To see how the Elements of Value link to bank performance, we asked each respondent to rate his or her primary bank on each element, using a zero-to-10 scale. We then looked at the relationship to each bank’s Net Promoter Score, and found a close correlation. That is, the more elements on which a bank excelled, the higher its Net Promoter Score.

More broadly, across consumer industries including banking, companies that perform well on four or more elements have, on average, more than twice the Net Promoter Score of companies with a high score on just one element, and more than five times the score of companies with no high score on an element. Furthermore, companies that perform well on additional elements see a sharp increase in their Net Promoter Score. Strong performance on multiple elements also correlates closely with higher and sustained revenue growth, market share growth and consumers’ willingness to pay a premium price.

For a given industry, of course, certain elements matter more than others to consumers.

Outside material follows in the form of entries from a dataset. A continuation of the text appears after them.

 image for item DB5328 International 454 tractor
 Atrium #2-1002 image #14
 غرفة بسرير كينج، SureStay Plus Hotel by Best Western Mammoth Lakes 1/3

In banking, the five elements that have the greatest impact on Net Promoter Score are, first, quality by a wide margin, followed by saves time, reduces anxiety, simplifies and heirloom—a good investment for future generations (see Figure 3). Here, banks’ performance leaves much to be desired. Consumers on average give their primary bank a lower rating on these elements than at least one of the major tech firms, Amazon, Apple, Google and PayPal (see Figure 4). Banks will have to close the larger gaps on quality, saves time and simplifies, especially with Amazon reportedly planning to launch a no-frills account with a banking partner. And banks will want to take the lead over PayPal in reduces anxiety.

Large technology firms have the cash, digital expertise, consumer trust and strong performance in core Elements of Value to make further inroads into banking services. However, some banks have successfully defended their position by reorganizing how customers experience their products and services.

The key unit for managing experiences is now the customer “episode,” which consists of all the activities involved in fulfilling a customer’s need. For example, the “I need to replace a lost credit card” episode ends successfully when the customer receives and activates the new card, allowing her to make purchases again. Episodes range from a single interaction (paying a bill online) to an intricate series of interactions (buying a new home). A bank can identify its most important episodes and the sources of friction in each one, then mobilize dedicated teams to overhaul those episodes, usually by making them more simple and digital.

Figure 3
Quality has the biggest impact on loyalty in banking
Quality has the biggest impact on loyalty in banking
Figure 4
Respondents rate at least one tech company higher than their primary bank on each of the five most important elements in banking
Respondents rate at least one tech company higher than their primary bank on each of the five most important elements in banking

How some banks are winning in payments

There are precedents for banks taking on an episode and competing successfully with nonbank companies, notably in the recent history of payments. Alternative payment methods are catching on in many countries, often with third parties such as Mercado Pago in Mexico and Argentina or Alipay in China leading the way. Third parties play an especially prominent role in emerging markets that lack a robust card infrastructure, such as India (see Figure 5).

Figure 5
Customers use third-party payment apps more than bank apps, except in Sweden and Singapore
Customers use third-party payment apps more than bank apps, except in Sweden and Singapore

Yet banks have managed to hold their own in payments in a few other countries, notably Sweden, Poland and Singapore. Sweden’s Swish app, which a consortium of seven large banks started in 2012, now dominates peer-to-peer payment and merchant purchases. The app benefits from Swedish law, which does not require retailers to accept cash. Swish transfers funds instantly at no charge to consumers.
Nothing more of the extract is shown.